Work instructions:
Begin at the line where "Beige X-Large Brazilian" appears and reproduce exactly every line through the end of the data below, both included, skipping pictures.

(Captioned web image data)
BEGIN
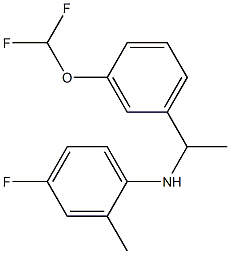 N-{1-[3-(difluoromethoxy)phenyl]ethyl}-4-fluoro-2-methylaniline Struktur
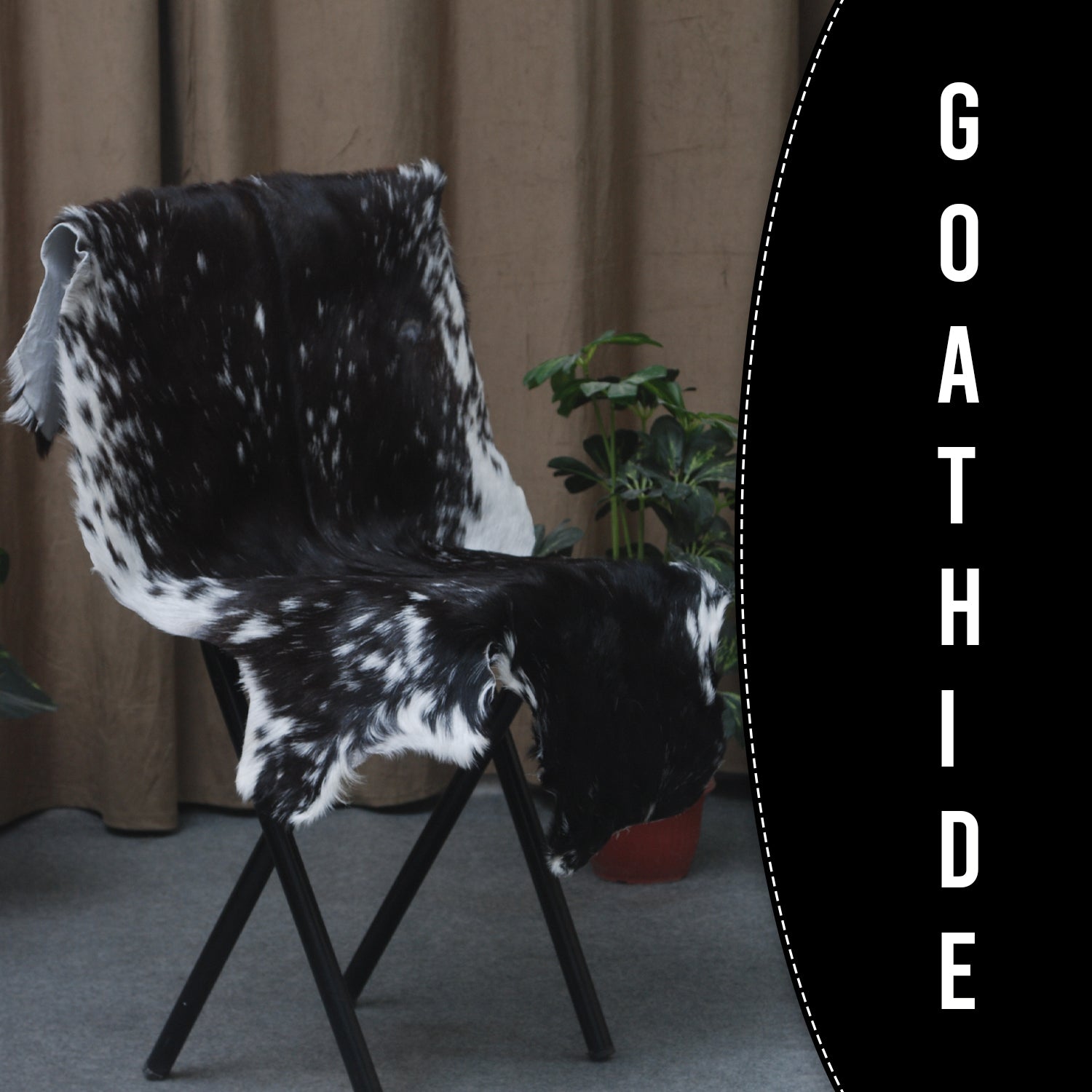 Authentic Hair-On Goat Skin Rug - Black and White Pattern for Luxe Décor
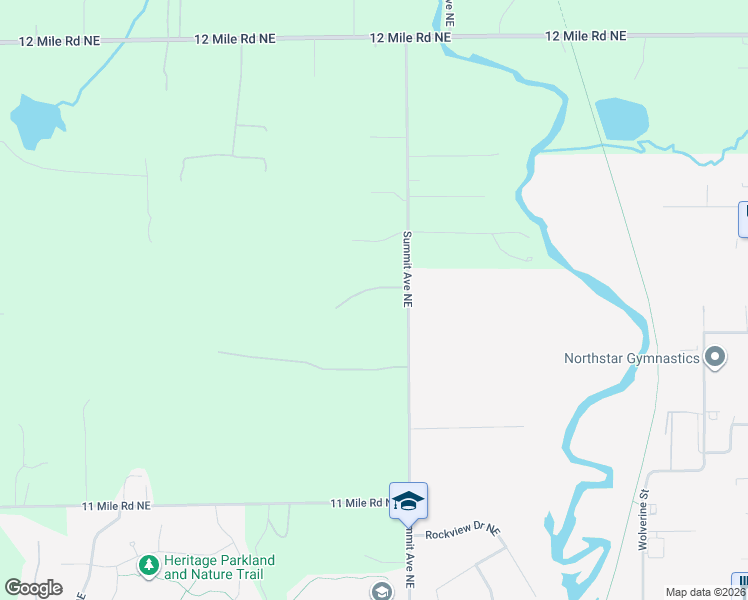 map of restaurants, bars, coffee shops, grocery stores, and more near 4176 Tradewind Drive Northeast in Rockford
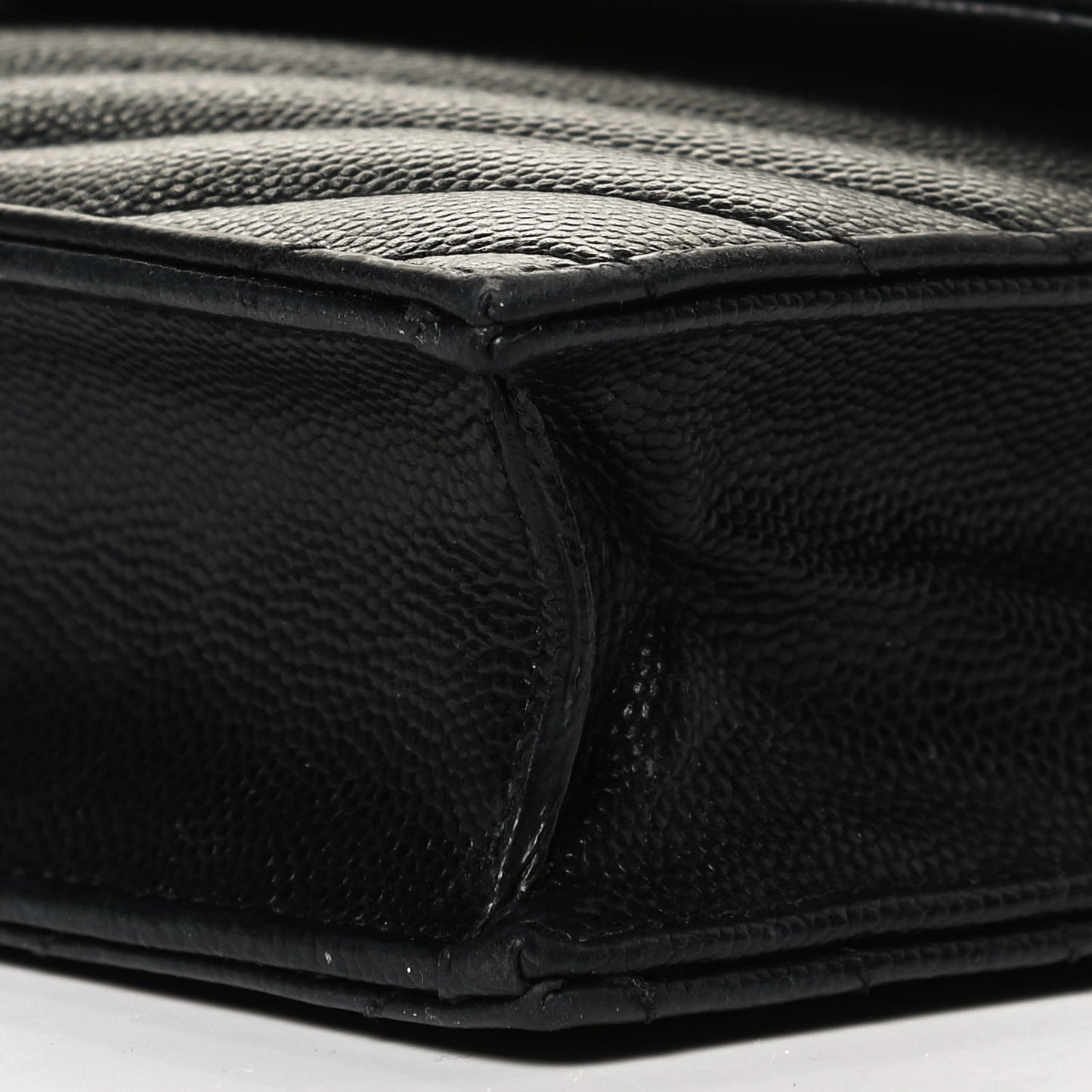 Grain De Poudre Matelasse Chevron Monogram Envelope Chain Wallet Black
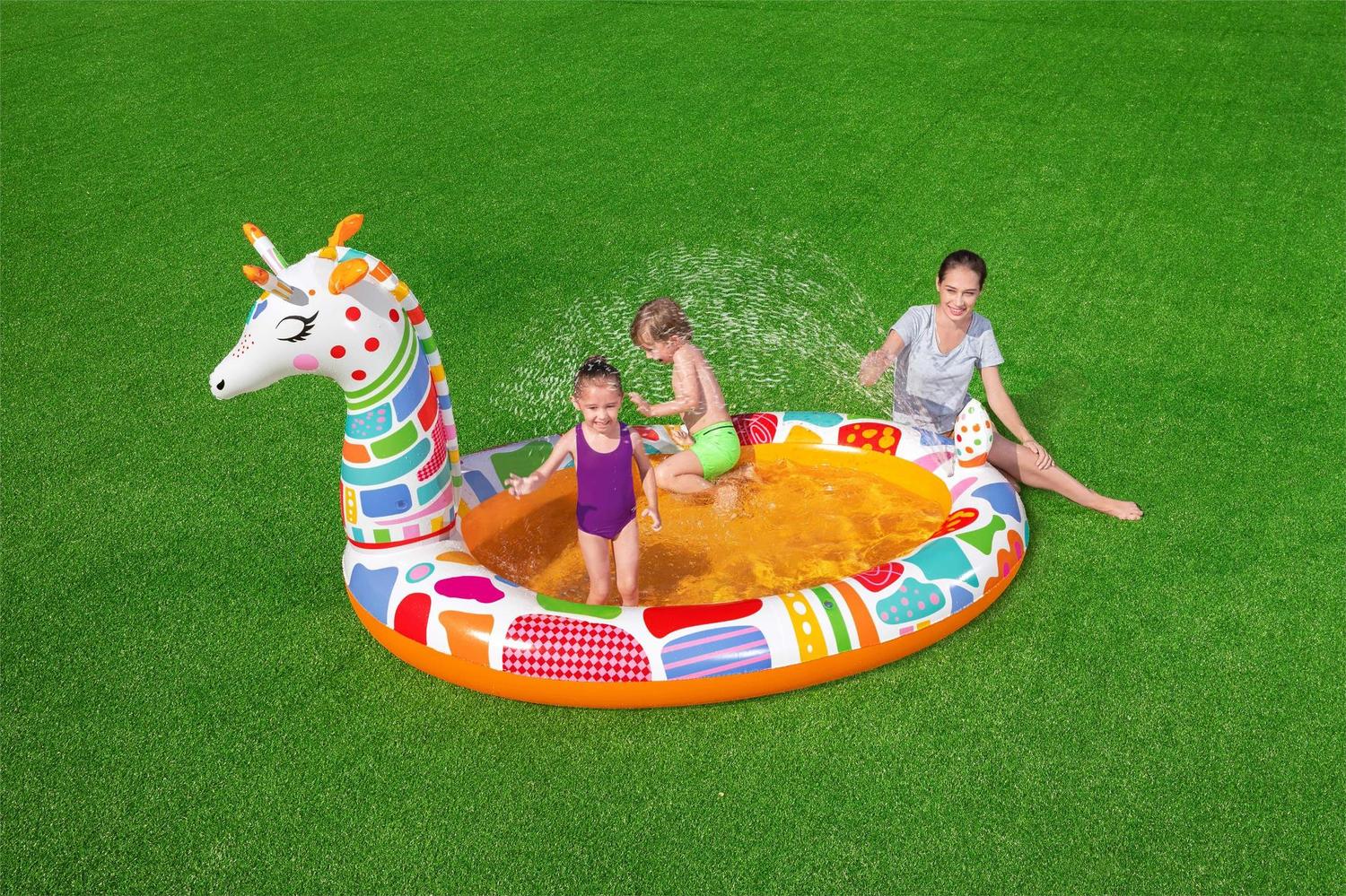 PISCINA INFLABLE BESTWAY REDONDA JIRAFA 2.66X1.57X1.27M - 7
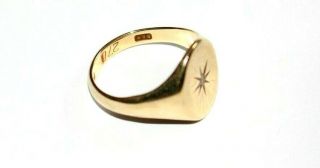 VINTAGE 9CT GOLD DIAMOND SIGNET RING.  STARBURST.  MALE / FEMALE.  UNISEX.  SIZE P. 5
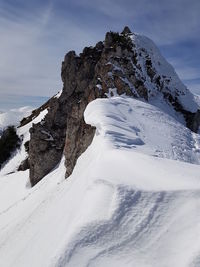 Scenic view of snow covered mountain against sky
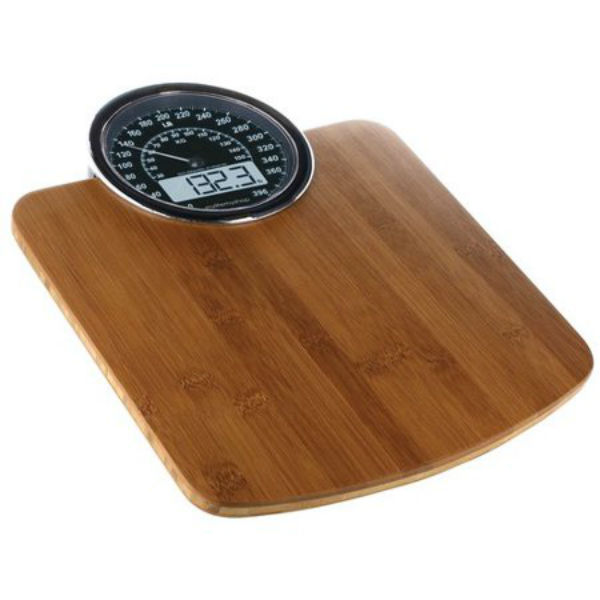 Wood Bathroom Scale Analog and Digital Display 396 lb Cap. Health Weight Loss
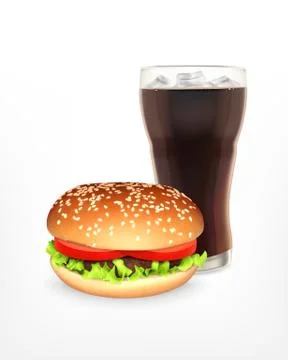 Hamburger with cola Illustrazione stock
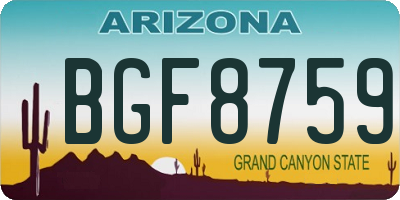 AZ license plate BGF8759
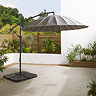 image of grey hanging parasol at 3m, over an empty sunny patio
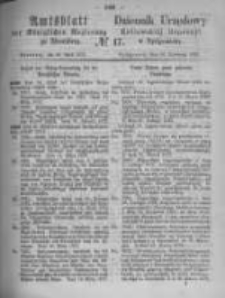 Amtsblatt der K&ouml;niglichen Preussischen Regierung zu Bromberg. 1872.04.26 No.17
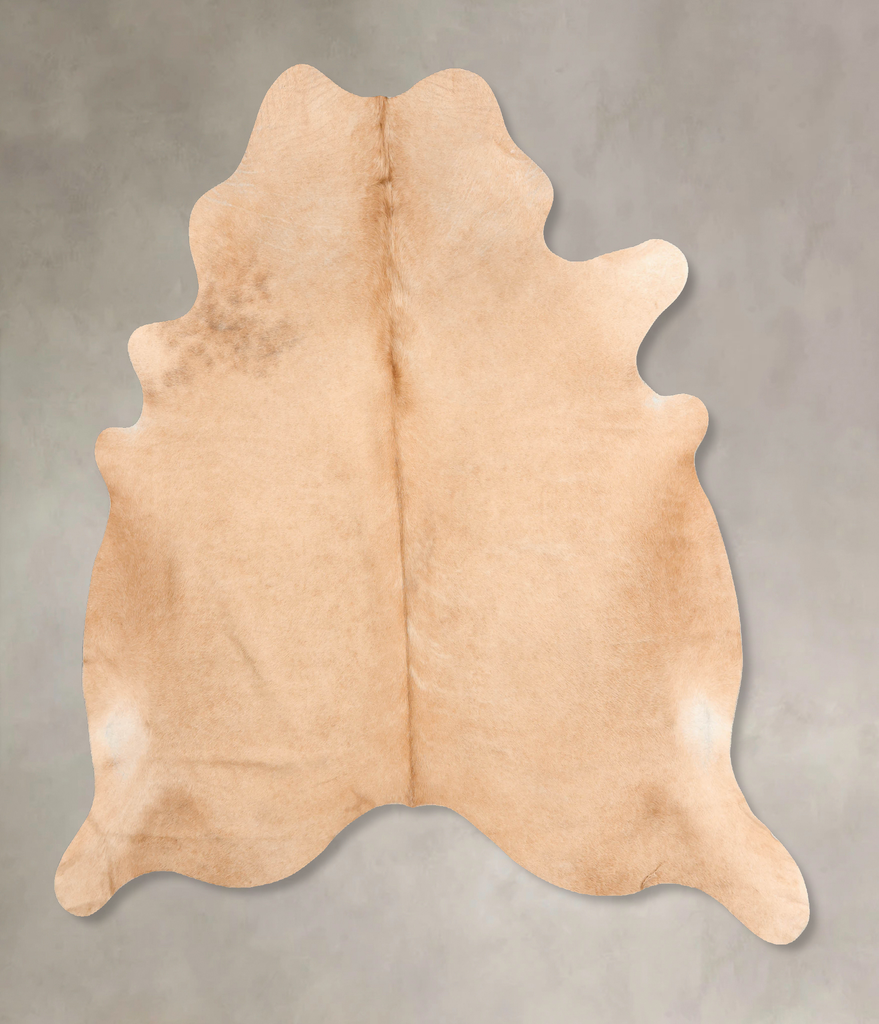 Beige X-Large Brazilian Cowhide Rug 6'8"H x 6'3"W #B7716 by Hudson Hides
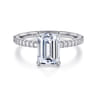Amata - 14K White Gold Emerald Cut Diamond Engagement Ring - 0.14 ct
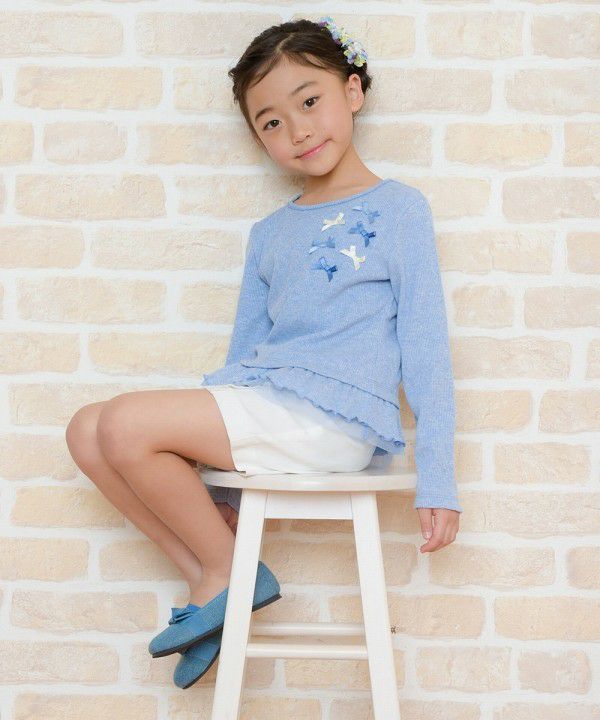 T -shirt with ribbon & tulle frill Blue model image 1
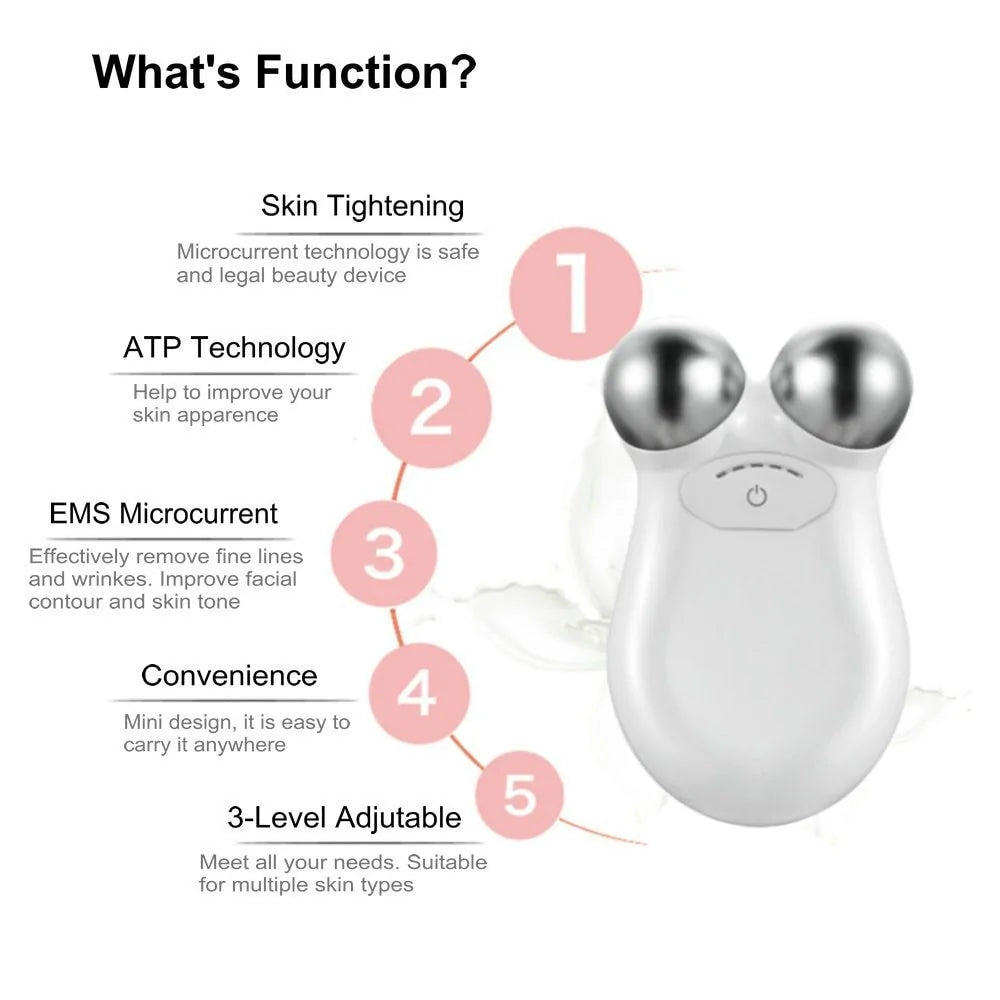 Facial Microcurrent Roller Massager | Non-Surgical Face Lift & Anti-Aging Therapy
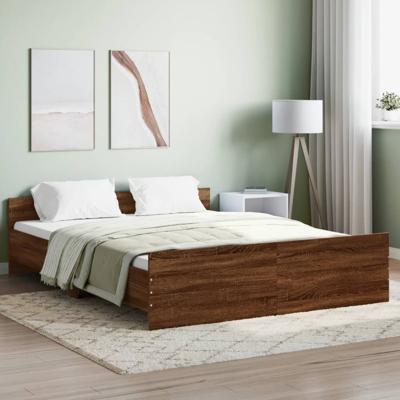 Bedframe hoofd- en voeteneinde bruin eikenkleur 160x200 cm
END
Expected output:
 Beige X-Large Brazilian Cowhide Rug 6'8"H x 6'3"W #B7716 by Hudson Hides
Amata - 14K White Gold Emerald Cut Diamond Engagement Ring - 0.14 ct
 T -shirt with ribbon & tulle frill Blue model image 1
 Facial Microcurrent Roller Massager | Non-Surgical Face Lift & Anti-Aging Therapy
 Bedframe hoofd- en voeteneinde bruin eikenkleur 160x200 cm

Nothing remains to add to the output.